Prior to 1980, brokers were virtually non-existent. Trucking was so strictly regulated that it was extremely difficult for newcomers to break into the industry at all, resulting in minimal competition. The downside of the lack of competition was painfully elevated rates industry-wide. Trucking charges were as much as 75% higher in countries with a highly regulated transportation market than in lightly regulated countries, like Belgium and the Netherlands.

Some economists argued that fewer regulations would result in lower rates and better services. President Jimmy Carter agreed, and he appointed several advocates of deregulation. Congress enacted the Motor Carrier Act (MCA) of 1980, turning the industry on its head. The Interstate Commerce Commission (ICC), the agency governing trucking from the late 1800s through 1995, suddenly had significantly less authority over trucking. The industry wasn’t completely deregulated, but restrictions were lightened enough to make it much easier for people to get their foot in the door and compete with longstanding carriers.

Brokers were still few and far between for decades. Only about six percent of freight was handled by them in 2000, compared to 20% in 2023. There are numerous other economic factors that contributed to the rise of freight brokers, but deregulation was the catalyst. It enabled them to flood a free market that previously hadn’t existed. While a free market remains a boon for brokers, it also has the potential to be their downfall. 

The freight market is always volatile, and brokers aren’t immune

The benefit of regulation was relative stability. A free market, however, comes with natural rises and falls. It’s self-correcting, but that leaves business owners to plan carefully. Manage resources carefully during upturns, and you have a much better shot at outlasting the competition during economic downturns. 2020 was an opportunity for brokers.

They made bank during all of 2020 through early 2022. That span served as their window to prepare for the inevitable slowdown that would follow– The very same slowdown that put overly ambitious Convoy out of business. According to a recently published article on “…many more sizable freight brokers shut down suddenly. And the reason is a significant change in the financing climate.”

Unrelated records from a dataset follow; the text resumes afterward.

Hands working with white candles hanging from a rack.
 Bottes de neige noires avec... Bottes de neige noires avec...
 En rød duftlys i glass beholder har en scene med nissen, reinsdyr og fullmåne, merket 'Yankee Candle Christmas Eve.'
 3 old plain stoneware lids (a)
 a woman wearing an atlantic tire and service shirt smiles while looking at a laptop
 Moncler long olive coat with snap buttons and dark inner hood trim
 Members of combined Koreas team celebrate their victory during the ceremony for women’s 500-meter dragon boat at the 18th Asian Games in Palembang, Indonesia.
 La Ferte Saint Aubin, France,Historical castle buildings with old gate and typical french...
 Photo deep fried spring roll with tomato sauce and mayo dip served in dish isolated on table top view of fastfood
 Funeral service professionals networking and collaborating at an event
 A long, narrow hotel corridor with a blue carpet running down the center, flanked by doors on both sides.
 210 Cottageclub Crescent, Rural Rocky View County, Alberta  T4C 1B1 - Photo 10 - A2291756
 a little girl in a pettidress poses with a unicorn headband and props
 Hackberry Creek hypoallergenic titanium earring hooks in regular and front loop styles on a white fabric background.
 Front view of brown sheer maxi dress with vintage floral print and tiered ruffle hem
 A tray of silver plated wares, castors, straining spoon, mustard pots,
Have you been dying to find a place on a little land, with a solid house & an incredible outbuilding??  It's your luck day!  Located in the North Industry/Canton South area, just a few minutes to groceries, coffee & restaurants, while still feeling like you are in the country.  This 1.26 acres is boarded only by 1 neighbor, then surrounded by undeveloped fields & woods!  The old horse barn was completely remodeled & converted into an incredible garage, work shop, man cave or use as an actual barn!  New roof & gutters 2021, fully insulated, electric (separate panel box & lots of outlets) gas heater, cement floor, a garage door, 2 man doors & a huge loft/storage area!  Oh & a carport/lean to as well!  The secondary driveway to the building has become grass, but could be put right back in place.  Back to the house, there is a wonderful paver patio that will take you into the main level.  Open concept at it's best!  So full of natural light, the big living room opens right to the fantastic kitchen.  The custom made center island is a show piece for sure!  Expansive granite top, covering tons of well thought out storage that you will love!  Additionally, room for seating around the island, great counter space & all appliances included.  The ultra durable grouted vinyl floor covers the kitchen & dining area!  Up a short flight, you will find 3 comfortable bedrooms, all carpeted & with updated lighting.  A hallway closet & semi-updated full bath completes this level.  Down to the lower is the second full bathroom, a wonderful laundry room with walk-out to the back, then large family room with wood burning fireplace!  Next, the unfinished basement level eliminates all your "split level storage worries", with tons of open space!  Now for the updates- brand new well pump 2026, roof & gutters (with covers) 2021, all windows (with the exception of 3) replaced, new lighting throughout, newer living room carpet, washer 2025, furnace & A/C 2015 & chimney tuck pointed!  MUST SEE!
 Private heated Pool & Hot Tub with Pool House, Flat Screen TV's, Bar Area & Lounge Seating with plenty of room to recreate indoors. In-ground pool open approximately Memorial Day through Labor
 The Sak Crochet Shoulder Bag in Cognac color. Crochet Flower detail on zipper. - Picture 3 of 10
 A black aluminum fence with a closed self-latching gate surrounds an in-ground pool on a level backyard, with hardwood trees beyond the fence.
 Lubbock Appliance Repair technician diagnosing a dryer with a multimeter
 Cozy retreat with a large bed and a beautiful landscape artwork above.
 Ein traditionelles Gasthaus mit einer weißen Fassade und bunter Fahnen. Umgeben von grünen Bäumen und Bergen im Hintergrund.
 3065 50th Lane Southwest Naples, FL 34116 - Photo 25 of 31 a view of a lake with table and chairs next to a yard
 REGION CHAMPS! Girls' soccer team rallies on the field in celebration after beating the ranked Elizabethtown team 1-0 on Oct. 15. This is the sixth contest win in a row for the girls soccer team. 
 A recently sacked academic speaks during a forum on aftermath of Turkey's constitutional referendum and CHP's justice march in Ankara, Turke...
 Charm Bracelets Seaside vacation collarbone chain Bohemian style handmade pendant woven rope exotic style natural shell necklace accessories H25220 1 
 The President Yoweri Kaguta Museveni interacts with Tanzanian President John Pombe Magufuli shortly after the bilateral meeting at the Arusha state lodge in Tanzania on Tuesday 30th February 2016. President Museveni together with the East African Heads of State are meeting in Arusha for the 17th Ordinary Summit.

Where that leaves freight brokers going forward

Freight broker trying to make ends meet

In a free market, that’s what every business owner should anticipate, and that’s where Convoy fell short. The unconventional brokerage believed they were so revolutionary, they could operate outside of the rules of the industry. They lost that bet. While Convoy was an atypical brokerage, it still serves as a valuable example. Disrupting a well-established industry’s rules of the road is a risky business, and it’s much safer to read the instruction manual that comes with the game. 

In this case, that means always thinking ahead. After all, the time to stock up on emergency supplies is before a hurricane warning, not after you’re already running out of water. Many mid-sized brokers have also announced layoffs. Smaller brokerage firms that are two insignificant for media coverage are likely facing the same struggles behind the scenes. The cost of running a brokerage today is steep, and the pressure is mounting. Brokers aren’t disappearing anytime soon. That said, the ones who are most likely to live long enough to see the end of the current freight recession are the ones who prepared for it in the first place.